Hi everyone, my company has a bunch of branch locations all over the country. Most of the branches aren't very big, many have just 1 to 3 people. Therefore we have just a Meraki SD-WAN device for them to be VPNed into our internal network at HQ. We have a Cisco ISE at HQ that handles our 802.1x authentication and all these branch locations are also using the ISE. Most of the time it works fine, but sometimes the ISE has error messages that the supplicant stopped responding. I saw this happening with a larger branch that has 2 internet providers so I went into traffic shaping and sent all traffic destined for the ISE to be sent to the other ISP, immediately authenticated without issues. I then moved the traffic to the other ISP, started failing again. It seems when the issues are happening it's because of the ISP being to slow on some days. We don't always have the best speeds for the locations with just a couple of people, and like I said, most of the time it works; but when it doesn't then we get a lot of complaints and of course the employees there can't work.


I'm starting to think it might be good to not have the authentication go over the VPN because of this. However we currently authenticate with certificates (no username/password), so I can't just add the users to the network and use Meraki authentication. Have any of you had this issue? Is there any other way that we can make 802.1x authentication work a little better in these scenario? Is it at all possible to make the supplicant of the 802.1x authentication be a device that is inside our internal network? Maybe there is a configuration that I can do that would help but don't know about. Just looking for any suggestions or experience that someone can give. Thanks in advance!

Kind of a big deal
Kind of a big deal

From my point of view, it'd be rather odd that the speed is too slow for handling authentications. Whenever I had to deal with certificate based 802.1x, it came down to fragmentation / MTU issues.

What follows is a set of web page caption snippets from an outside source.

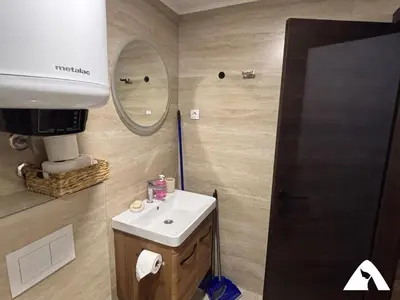 a bathroom with a sink and a mirror at Apartman Oliver in Kopaonik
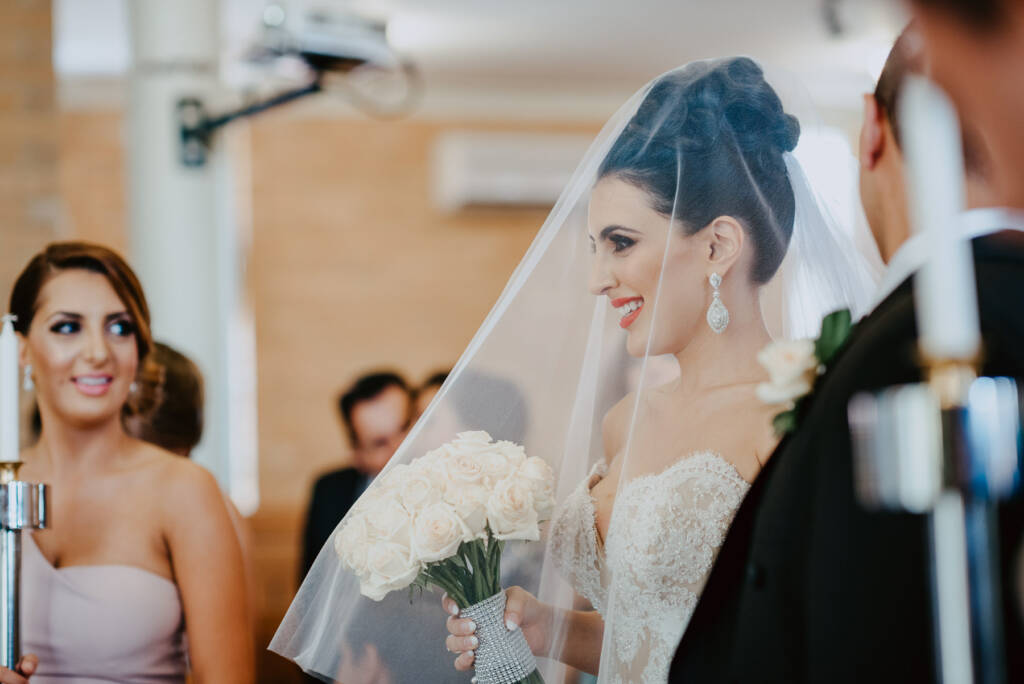Danielle smiles beneath her veil while holding her bouquet during the ceremony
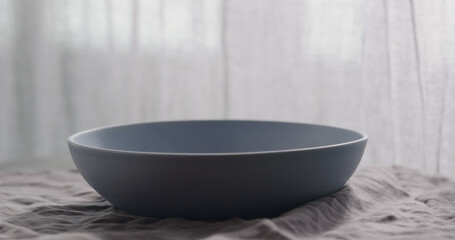 Empty blue bowl on linen napkin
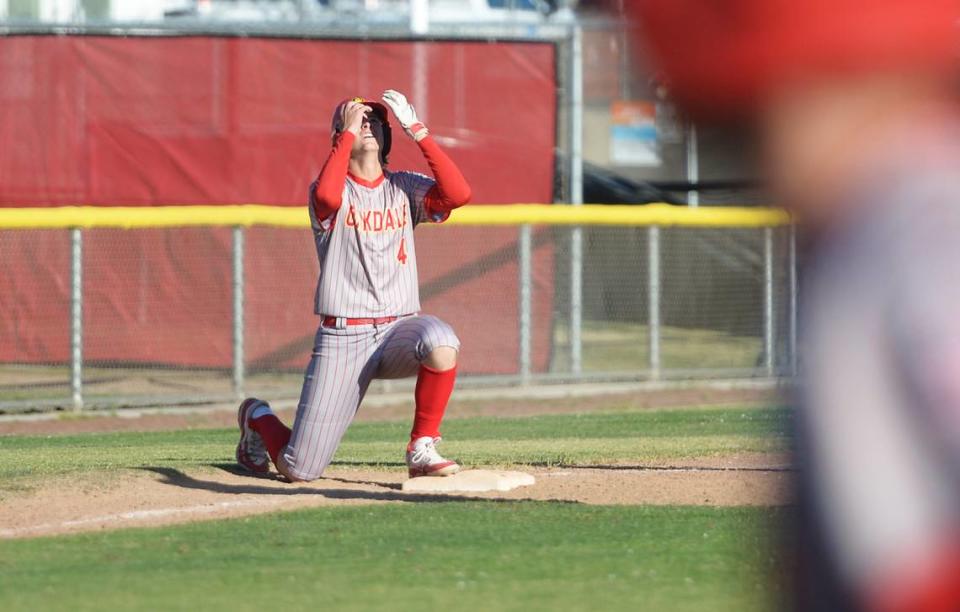 Oakdale’s Jordan Haver celebrates after hitting a triple during the CIF Sac-Joaquin Section Quarterfinals against Vista del Lago at Oakdale High School on May 9, 2024. Oakdale won 10-5.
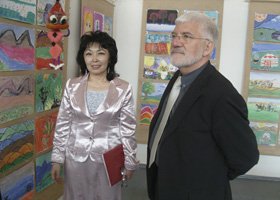 A woman in a shiny silver jacket and a man with white hair and glasses standing in front of colorful artwork displayed on walls.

Perhaps that's another topic to consider if you're willing to discuss.

I'm definitely willing to discuss anything that could be the cause. If what you are saying is true then it would be the ISP fragmenting it, right? Because if it works sometimes then it wouldn't be my devices fragmenting it. We will go months without issues and then randomly 3 branches won't be able to authenticate. What could I even do against that?

Kind of a big deal

Because we are a MS/Office/Exchange/OneDrive/Azure based organisation (and network hardware is not always the same at partner sites), we have deprecated the use of all local servers and storage. Virtually all communication is "up-and-down", rather than laterally; this is remarkably liberating, and simplifies many previously involved use cases. I can strongly recommend it, at least on a trial basis.


One of the tools we are investigating is the YubiKey, which facilitates authentication, including 802.1X. I'd say it is worth a look, https://www.yubico.com/ ,  they are used by an interesting mixture of organisations including Microsoft, CERN, Google, UK Government, US State Government and Novartis, amongst others. 802.1X may require some stuffing around, depending upon how it is implemented.

Robin St.Clair | Principal, Caithness Analytics | @uberseehandel
A model citizen

We do all ISE .1x auth over MPLS or Meraki VPN, zero issues.

Seems it might be a fragmentation/MTU issue. But I think the ISP would still be to blame for that, unless there is something that I can do on my end to reassemble a fragmented packet before it reaches the Radius server.

If you suspect fragmentation, it would be worth checking that you are maximising packet size (outgoing), from the client device, through the LAN/VLAN and out the gateway appliance/modem. It is possible that if the problems appears to be ISP related that the packet sized used to return handshaking packets is determined by the size of those sent out when the handshaking is initiated.


Sorting this out can get tedious, especially as different manufacturers/brands define packet sizes.contents differently.

Robin St.Clair | Principal, Caithness Analytics | @uberseehandel

Why don't you define a performance class and let the MX choose the best ISP automatically?  There is an example for Web traffic.



What is actually doing the dot1x?  A switch behind the MX, an MX, an MR, something else?